◆ Task description
What you write must match, character for character, the lines from the one with "INGNI(イング)の「【W" down to the one with "Briloner LED-panel Piatto" in the listing below, minus its pictures.

◆ Data section
Content starts
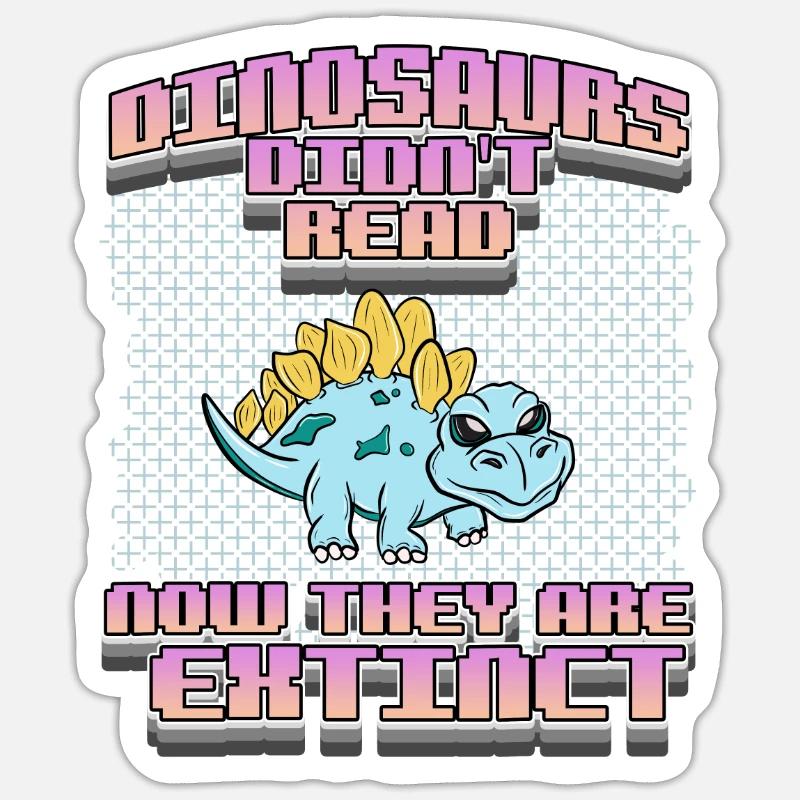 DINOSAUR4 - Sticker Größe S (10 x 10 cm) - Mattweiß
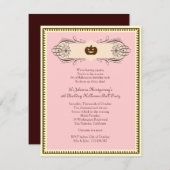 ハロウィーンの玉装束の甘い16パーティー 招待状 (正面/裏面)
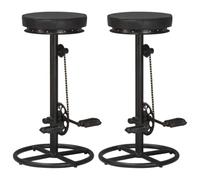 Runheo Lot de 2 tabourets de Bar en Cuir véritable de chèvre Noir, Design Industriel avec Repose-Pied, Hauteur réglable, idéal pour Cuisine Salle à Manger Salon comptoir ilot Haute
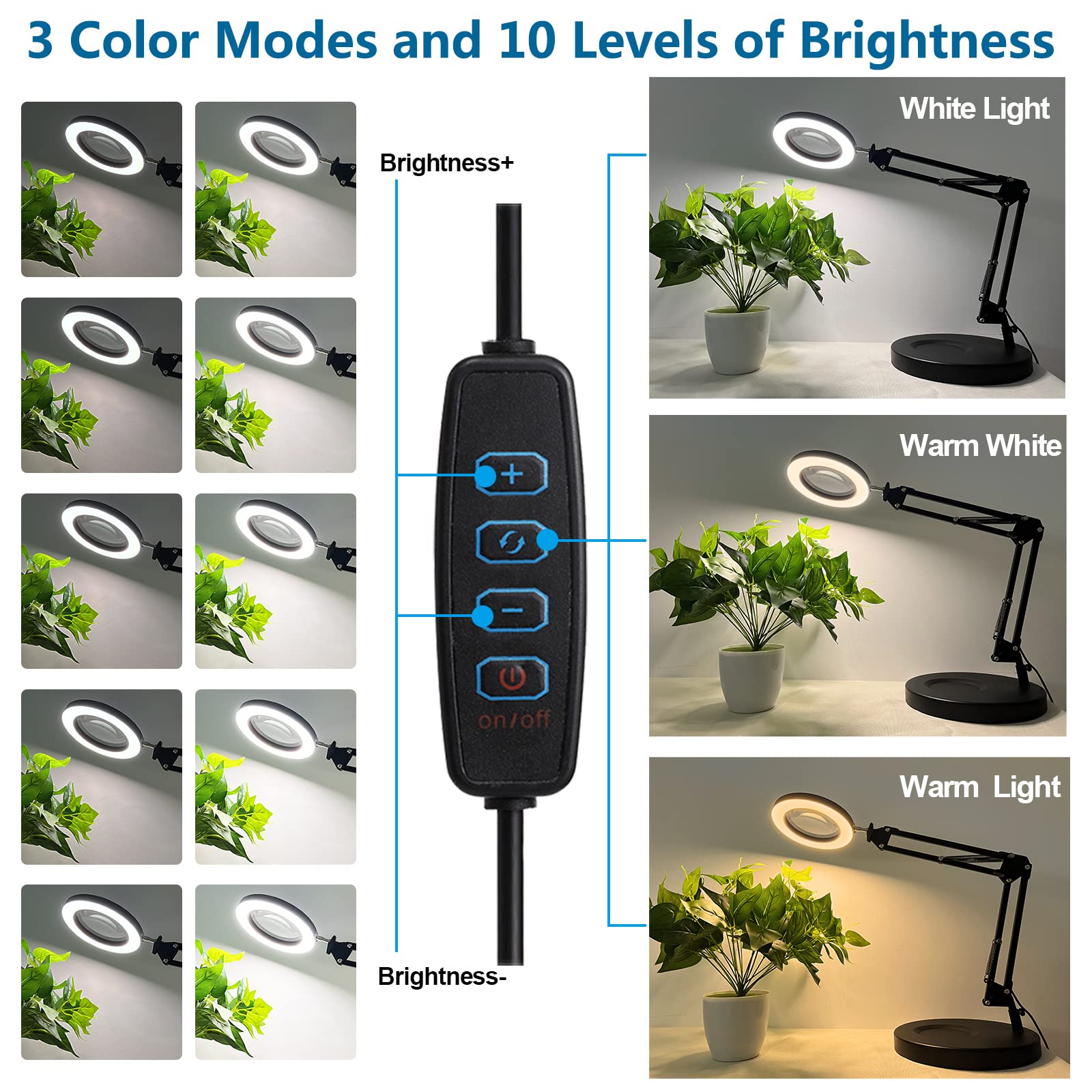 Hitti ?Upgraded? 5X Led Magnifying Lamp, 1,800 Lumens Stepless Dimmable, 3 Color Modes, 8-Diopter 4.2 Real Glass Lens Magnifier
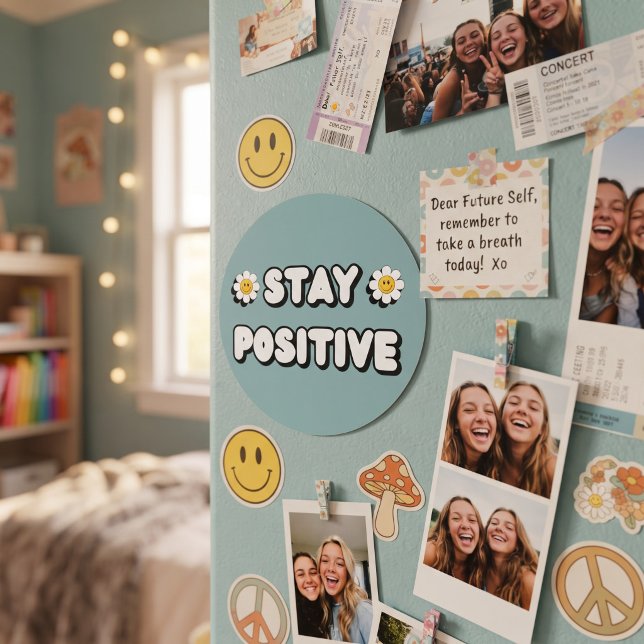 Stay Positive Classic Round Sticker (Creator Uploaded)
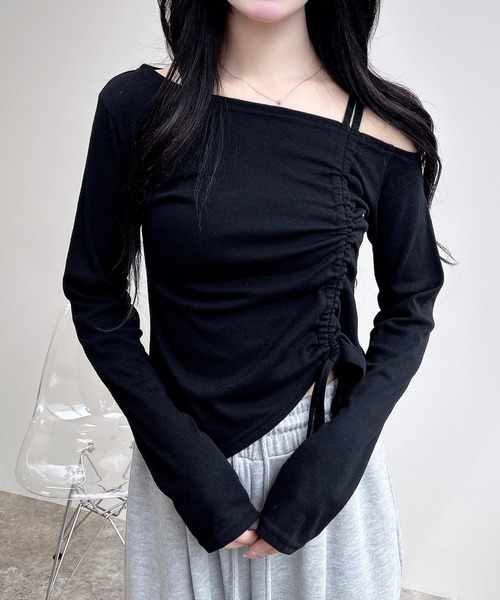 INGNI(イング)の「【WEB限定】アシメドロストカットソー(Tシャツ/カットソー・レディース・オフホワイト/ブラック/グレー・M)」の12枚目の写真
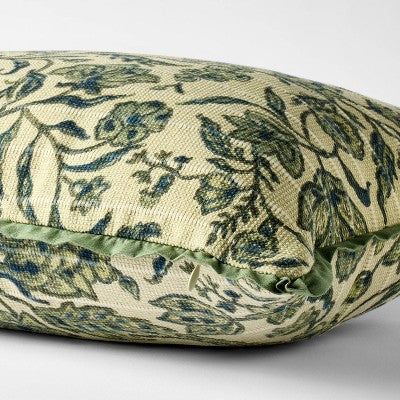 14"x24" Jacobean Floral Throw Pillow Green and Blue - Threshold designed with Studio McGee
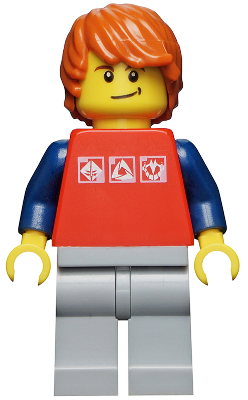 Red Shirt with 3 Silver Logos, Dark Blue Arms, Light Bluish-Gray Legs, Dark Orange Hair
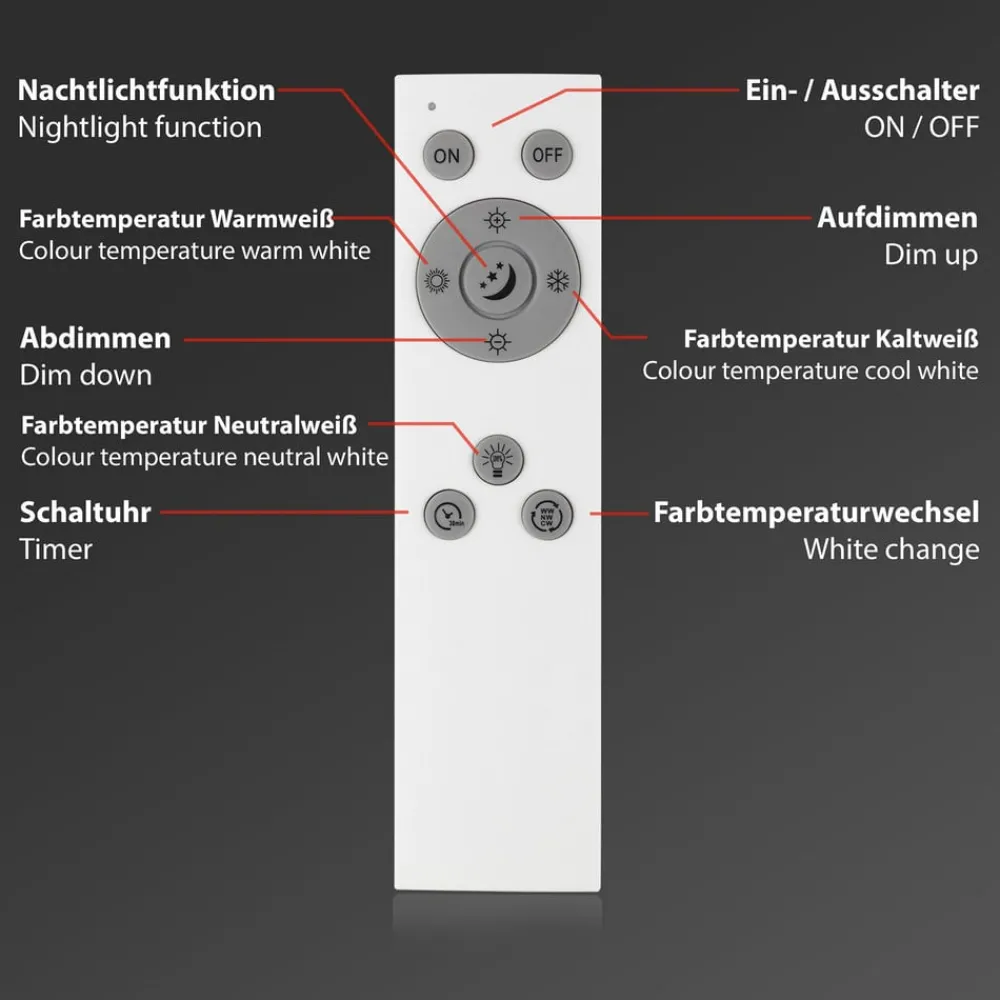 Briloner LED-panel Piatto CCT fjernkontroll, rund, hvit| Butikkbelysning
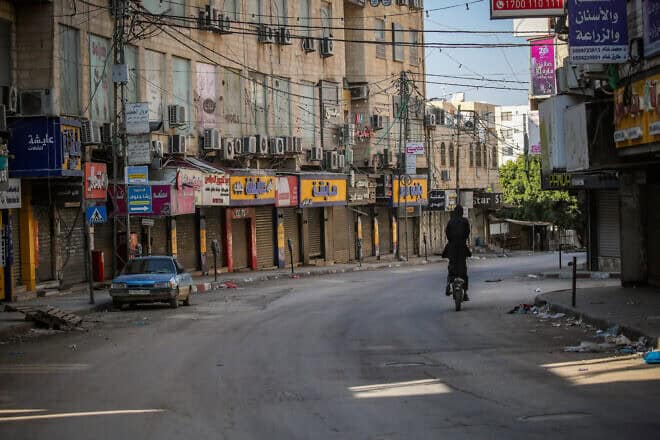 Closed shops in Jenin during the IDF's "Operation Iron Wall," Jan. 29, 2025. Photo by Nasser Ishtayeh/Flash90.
Content ends
Content starts
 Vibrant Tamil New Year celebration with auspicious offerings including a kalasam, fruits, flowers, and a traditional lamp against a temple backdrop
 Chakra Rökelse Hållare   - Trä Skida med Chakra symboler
Content ends
Content starts
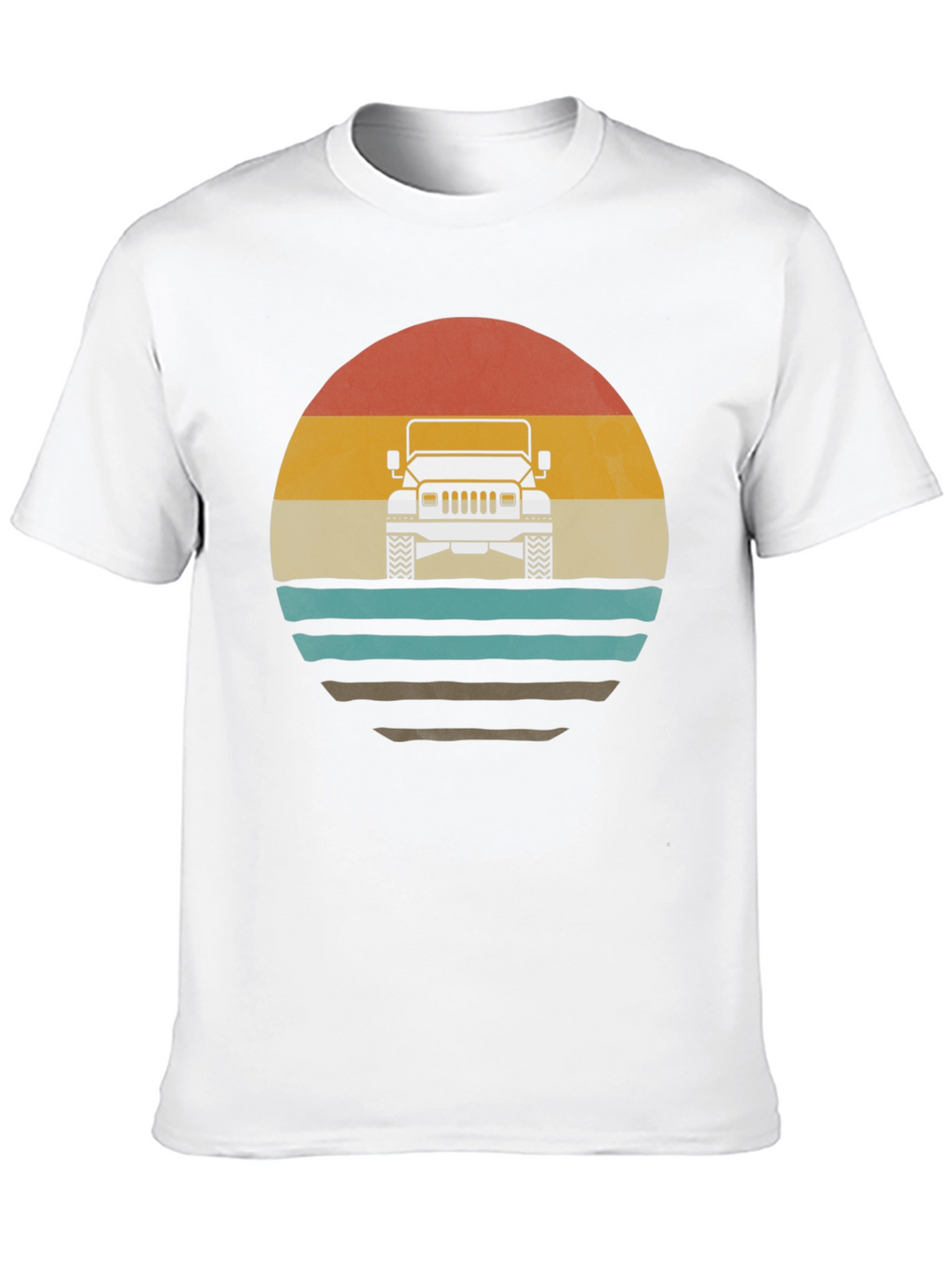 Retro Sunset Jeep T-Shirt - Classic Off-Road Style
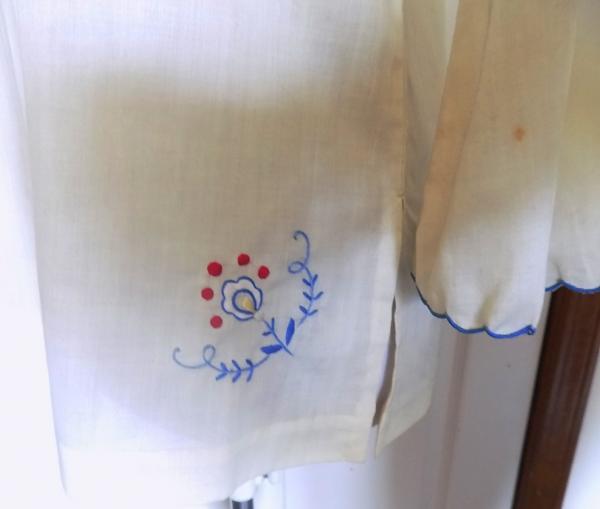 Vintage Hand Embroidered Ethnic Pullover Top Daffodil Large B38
Content ends
◆ Answer section
 INGNI(イング)の「【WEB限定】アシメドロストカットソー(Tシャツ/カットソー・レディース・オフホワイト/ブラック/グレー・M)」の12枚目の写真
 14"x24" Jacobean Floral Throw Pillow Green and Blue - Threshold designed with Studio McGee
 Red Shirt with 3 Silver Logos, Dark Blue Arms, Light Bluish-Gray Legs, Dark Orange Hair
 Briloner LED-panel Piatto CCT fjernkontroll, rund, hvit| Butikkbelysning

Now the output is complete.